The first equality is simply the first green identity. But what happened in the second equality? I cannot see the usage of the divergence theorem. For the divergence theore to be applied I should have the integral of the divergence of a vector field.
The step from the first to the second inequality is simply the application of the following vector identity (where $a=a(x)$ is a scalar function and $\mathbf{b}=\mathbf{b}(x)$ is a vector function): $$ \nabla\cdot(a\mathbf{b})=a\nabla\cdot\mathbf{b}+\nabla a\cdot\mathbf{b} $$ Then putting $a=u$ and $\mathbf{b}=\nabla\Phi$ you get $$ \nabla\cdot(u\nabla\Phi)=u\nabla\cdot\nabla\Phi+\nabla u\cdot\nabla\Phi\iff \nabla\Phi\cdot\nabla u=\nabla\cdot(u\nabla\Phi)-u\nabla\cdot\nabla\Phi\tag{1}\label{1} $$ Then, using \eqref{1} in the volume integral above, obtained from the first Green identity, i.e. $$ I_\epsilon(x)=\int_{V_\epsilon}\nabla_y\Phi(y-x)\cdot\nabla_y u(y)\mathrm{d}y, $$ and applying the divergence (Gauss-Green) theorem to the first one of the two integrals you get, you obtain the sought for result.
Edit. In order to explain better my answer, I have added all the steps.
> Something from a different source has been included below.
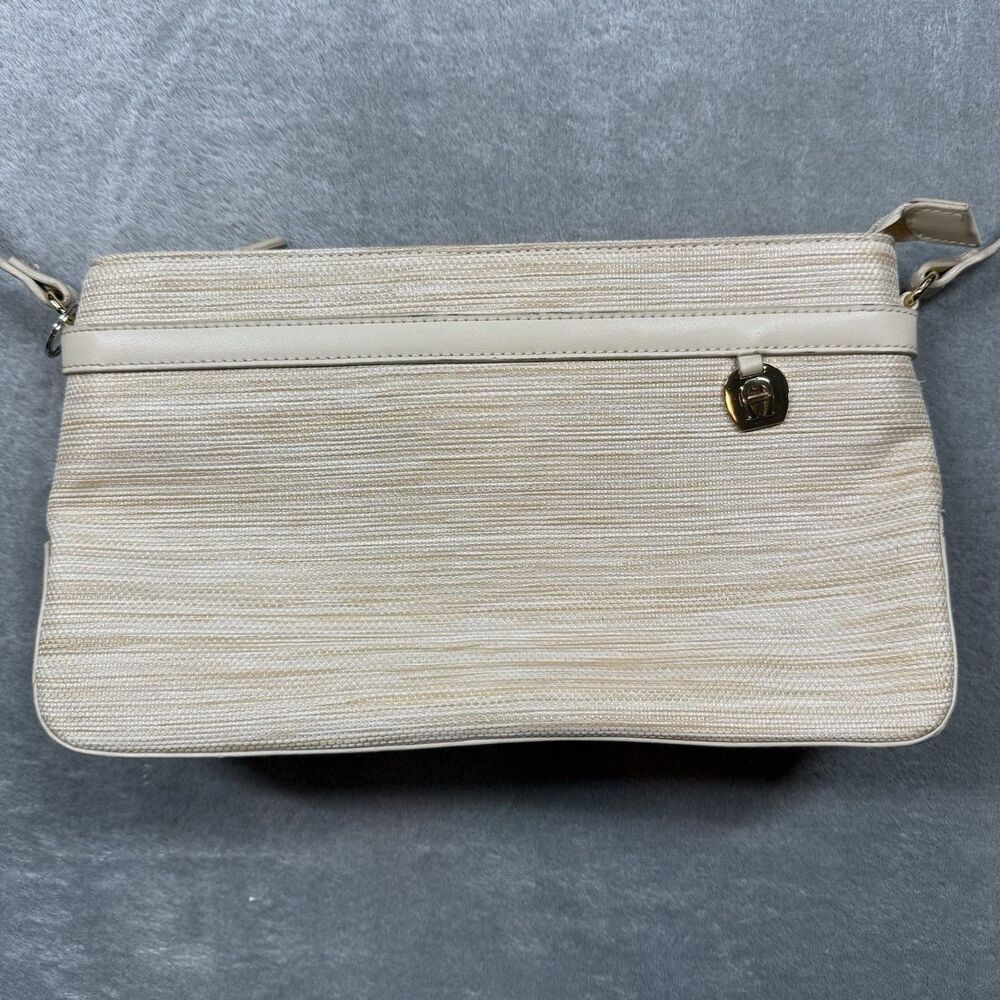 Etienne Aigner Shoulder Bag Beige Jute & Polyester Multi-Compartment Classic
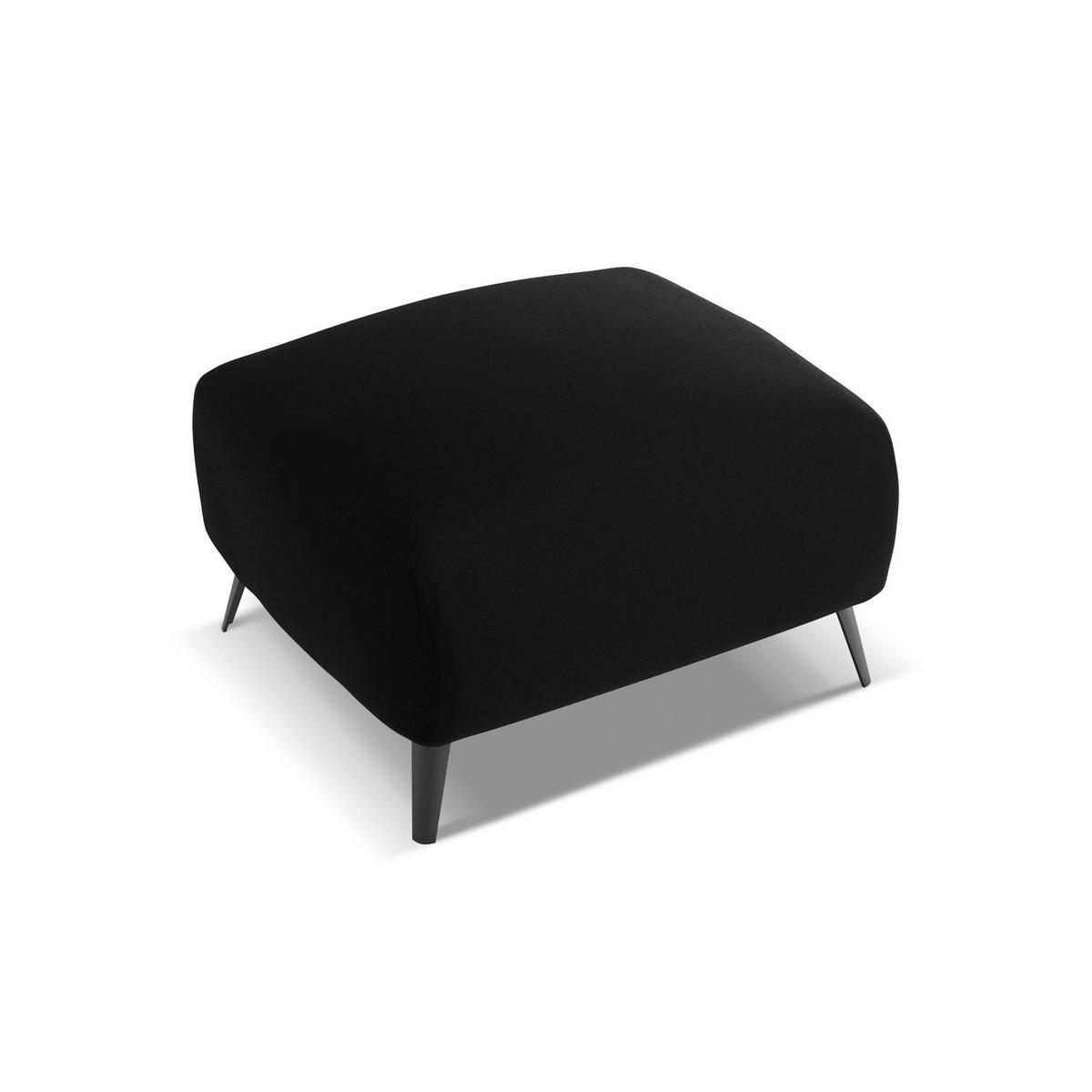 POUF Samt Stoff Schwarz - Schwarz, Textil/Metall (65/44/65cm) - LaMiaSofa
Precisely, $$ \begin{split} I_\epsilon(x)&=\int_{V_\epsilon}\nabla_y\Phi(y-x)\cdot\nabla_y u(y)\mathrm{d}y\\ &=\int_{V_\epsilon}\Big[\nabla_y\cdot\big(u(y)\nabla_y\Phi(y-x)\big)-u(y)\nabla_y\cdot\nabla_y\Phi(y-x)\Big]\mathrm{d}y\\ &=\int_{V_\epsilon}\nabla_y\cdot\big(u(y)\nabla_y\Phi(x-y)\big)\mathrm{d}y- \int_{V_\epsilon}u(y)\Delta_y\Phi(y-x)\mathrm{d}y\end{split} $$ Now the first integral at the second side of the is the integral of the divergence of the vector field $y\mapsto u(y)\nabla_y\Phi(x-y)$, and applying to it the divergence (Gauss-Green) theorem we get $$ \begin{split} I_\epsilon(x)&=\int_{\partial V_\epsilon}u(y)\nabla_y\Phi(x-y)\cdot\nu_y\mathrm{d}S_y- \int_{V_\epsilon}u(y)\Delta_y\Phi(y-x)\mathrm{d}y\\ &=\int_{\partial V_\epsilon}\frac{\partial\Phi}{\partial\nu_y}(y-x)u(y)\mathrm{d}S_y- \int_{V_\epsilon}\Delta_y\Phi(y-x)u(y)\mathrm{d}y \end{split} $$